### Task item
Only the lines below, from the one with "Modern Personalized Monogram" through the one with "Boska Tapas Fondue", are to be written out, exactly.

### Material to process
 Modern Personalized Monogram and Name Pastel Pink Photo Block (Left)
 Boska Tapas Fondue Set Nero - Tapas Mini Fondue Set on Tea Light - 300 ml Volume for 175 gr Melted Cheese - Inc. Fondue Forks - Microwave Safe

...

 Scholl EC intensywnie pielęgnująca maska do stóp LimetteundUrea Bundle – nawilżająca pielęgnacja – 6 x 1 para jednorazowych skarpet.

==

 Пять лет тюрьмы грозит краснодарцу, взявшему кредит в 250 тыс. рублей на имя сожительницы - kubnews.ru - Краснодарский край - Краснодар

### Answer area
 Modern Personalized Monogram and Name Pastel Pink Photo Block (Left)
 Boska Tapas Fondue Set Nero - Tapas Mini Fondue Set on Tea Light - 300 ml Volume for 175 gr Melted Cheese - Inc. Fondue Forks - Microwave Safe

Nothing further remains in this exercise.